LLVM Clang 14 Lands An "Amazing" Performance Optimization
LLVM developer Djordje Todorovic recently landed an improvement to LLVM's Loop Invariant Code Motion (LICM) Pass for being able to hoist a LOAD without STORE. The patch explains, "When doing load/store promotion within LICM, if we cannot prove that it is safe to sink the store we won't hoist the load, even though we can prove the load could be dereferenced and moved outside the loop. This patch implements the load promotion by moving it in the loop preheader by inserting proper PHI in the loop. The store is kept as is in the loop. By doing this, we avoid doing the load from a memory location in each iteration." The improvement to this pass helps to address this bug report around missed opportunities for register promotion.

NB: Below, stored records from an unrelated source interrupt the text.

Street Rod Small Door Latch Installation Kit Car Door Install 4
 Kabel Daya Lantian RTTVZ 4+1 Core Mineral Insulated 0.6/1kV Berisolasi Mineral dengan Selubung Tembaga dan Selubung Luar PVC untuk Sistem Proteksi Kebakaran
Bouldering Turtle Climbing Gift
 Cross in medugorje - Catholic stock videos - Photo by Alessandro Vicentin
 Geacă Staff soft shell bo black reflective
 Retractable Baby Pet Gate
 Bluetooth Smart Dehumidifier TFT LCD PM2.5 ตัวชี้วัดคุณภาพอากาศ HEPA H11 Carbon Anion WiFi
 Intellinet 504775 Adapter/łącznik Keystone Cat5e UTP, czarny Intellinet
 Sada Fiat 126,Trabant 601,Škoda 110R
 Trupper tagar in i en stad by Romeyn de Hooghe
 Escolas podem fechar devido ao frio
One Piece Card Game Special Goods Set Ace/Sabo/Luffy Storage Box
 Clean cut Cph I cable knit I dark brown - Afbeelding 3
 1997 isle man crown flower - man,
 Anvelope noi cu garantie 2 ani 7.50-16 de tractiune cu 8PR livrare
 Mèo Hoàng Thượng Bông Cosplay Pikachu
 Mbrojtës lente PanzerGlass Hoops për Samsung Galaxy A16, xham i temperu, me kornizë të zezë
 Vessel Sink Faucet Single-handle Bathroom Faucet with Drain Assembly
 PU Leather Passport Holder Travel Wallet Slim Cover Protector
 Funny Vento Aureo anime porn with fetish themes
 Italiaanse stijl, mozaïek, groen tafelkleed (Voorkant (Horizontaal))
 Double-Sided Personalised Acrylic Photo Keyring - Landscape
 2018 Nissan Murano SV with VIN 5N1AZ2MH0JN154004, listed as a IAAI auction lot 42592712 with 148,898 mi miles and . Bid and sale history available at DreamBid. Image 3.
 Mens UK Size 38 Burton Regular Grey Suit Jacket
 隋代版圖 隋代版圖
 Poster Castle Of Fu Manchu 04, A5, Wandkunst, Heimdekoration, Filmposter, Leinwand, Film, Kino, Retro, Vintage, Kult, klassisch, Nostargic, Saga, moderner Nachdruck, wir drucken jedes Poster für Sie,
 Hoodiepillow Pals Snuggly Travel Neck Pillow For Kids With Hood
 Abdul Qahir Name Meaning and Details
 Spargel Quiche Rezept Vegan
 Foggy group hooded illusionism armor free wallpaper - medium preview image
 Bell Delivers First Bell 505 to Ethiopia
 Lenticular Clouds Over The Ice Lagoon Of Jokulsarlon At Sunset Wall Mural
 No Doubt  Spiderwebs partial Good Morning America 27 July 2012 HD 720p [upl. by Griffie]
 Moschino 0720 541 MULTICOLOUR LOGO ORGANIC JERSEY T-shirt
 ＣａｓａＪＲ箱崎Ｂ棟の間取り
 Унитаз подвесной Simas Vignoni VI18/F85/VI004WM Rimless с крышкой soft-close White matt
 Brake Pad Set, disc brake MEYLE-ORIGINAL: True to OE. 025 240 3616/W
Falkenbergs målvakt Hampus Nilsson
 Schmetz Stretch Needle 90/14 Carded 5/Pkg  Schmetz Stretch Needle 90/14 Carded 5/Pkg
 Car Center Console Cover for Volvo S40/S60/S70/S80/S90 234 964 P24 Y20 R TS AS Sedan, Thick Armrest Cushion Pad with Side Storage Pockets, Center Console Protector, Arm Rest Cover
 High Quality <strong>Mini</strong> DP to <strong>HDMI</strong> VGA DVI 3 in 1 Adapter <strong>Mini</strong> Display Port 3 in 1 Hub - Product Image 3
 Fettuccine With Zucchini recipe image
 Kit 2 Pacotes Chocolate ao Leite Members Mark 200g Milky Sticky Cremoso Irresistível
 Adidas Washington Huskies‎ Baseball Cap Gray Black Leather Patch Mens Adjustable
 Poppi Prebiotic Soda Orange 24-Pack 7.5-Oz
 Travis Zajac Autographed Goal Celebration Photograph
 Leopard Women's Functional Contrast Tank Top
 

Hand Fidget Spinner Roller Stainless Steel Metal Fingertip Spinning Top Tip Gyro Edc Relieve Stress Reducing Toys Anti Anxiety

But for those not into compiler internals and just interested in the net gain, Todorovic shared some benchmark results and commentary:
Wow, the numbers (by using the @OpenBenchmark; X86_64 -O3) after https://t.co/AN6QsRSQG3 look amazing: pic.twitter.com/4MGgaFdwfK
— Djordje Todorovic (@djtodoro) December 3, 2021
In our PostgreSQL benchmark he is seeing around ~12% higher performance with this load hoisting patch, and a variety of other workloads from XZ compression to C-Ray to MrBayes and others are seeing improvements by generally a few percent.
This improvement and countless other patches will be part of LLVM Clang 14.0 that going by their usual release cadence should surface as stable around March.